Attempted abolition of the NSW Legislative Council
This was tested in NSW, after Queensland Labor party successfully abolished its upper house. The NSW Labor government of Jack Lang tried to do follow suit in 1930 but in 1929 an amendment of the NSW Constitution had been made inserting a manner and form requirement, s7A, which prevented the Legislative Council from being abolished or altered except by a referendum. Lang announced he was going to abolish the legislative council by passing a bill which repealed s7A, which was passed by the lower house. The legislative council sorted an injunction and was granted it by the Supreme Court which was appealed to the High Court, as seen in:

Attorney General(A-G) (NSW) v Trethowan (1931) 44 CLR 395

The legislative council cannot be abolished without a referendum unless and until s7A is repealed. S7A cannot be repealed except by a Bill, which is approved at a referendum before it is presented for the royal assent.

The law proposed by the Bill to repeal s7A of the Constitution Act 1902 to 1929 answers the description ‘a law respecting the powers of the legislature” just as the provisions of s7A itself constitute a law with respect to those powers.

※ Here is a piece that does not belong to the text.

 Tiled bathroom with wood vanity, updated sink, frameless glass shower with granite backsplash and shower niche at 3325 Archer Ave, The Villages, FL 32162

BUT the proposal cannot be put into effect save by a law which “shall have been passed in such manner and form as may be required by any” prior law of the NSW legislature.

It is no less a law of that legislature because it requires the approval of the electors as a condition of its repeal. But it is not void unless this requirement is repugnant to s5 of the Colonial Validity Act 1865. No requirement is repugnant to that section if it is within the contemplation of its proviso, which concedes the efficacy of enactments requiring a manner and form in which laws shall be passed.

If, therefore, a provision that a particular law respecting the powers of the legislature may not be made unless it is approved by the electors, requires a manner and form in which such a law shall be passed, the s7A is a valid law and cannot be repealed without the approval of the electorates.

Dixon J Said at 426, his honour considered that it would be unlawful to present a Bill to repeal an Act containing a provision restraining its repeal, unless first approved by the electors. The Act would have the force of law until the sovereign did assent to a Bill for its repeal. Consequently, it would be unlawful to present such a Bill for the Royal assent before it had been so approved and, as his Honour said, at 426:

"If, before the Bill received the assent of the Crown, it was found possible, as appears to have been done in this appeal, to raise for judicial decision the question whether it was lawful to present the Bill for that assent, the Courts would be bound to
pronounce it unlawful to do so.

The Constitution Act 1902 (NSW) s. 7A, requiring a Bill abolishing the Legislative Council to be approved at referendum, was held to bind the NSW Parliament.

Australia Act 1986(Imp)
As to the states legislature, the Statute of Westminster 1939 did not apply and they were not freed from the constraints of the Colonial Laws Validity Act 1865 until the passage of the Australia Act 1986.

The Australia Act 1986 had a number of important implications for the states, including:

-    The termination of the power of the English Parliament to legislate on their behalf
-    The cession of power to the states to legislate contrary to enactments of the United Kingdom (Whose legislation would formerly have been paramount)
-    The cession of power to the states to legislate extraterritorially
-    The suspension of appeals from the state courts to the English Privy Council and
-    Expansion of executive powers in the State Governors.

Australia Act 1986(Imp)
S6-Manner and form of making certain State laws
A law made after the commencement of this Act by the Parliament of a State “respecting the constitution, powers or procedure of the Parliament” of the State shall be of no force or effect unless it is made in such manner and form as may from time to time be required by a law made by that Parliament, whether made before or after the commencement of this Act.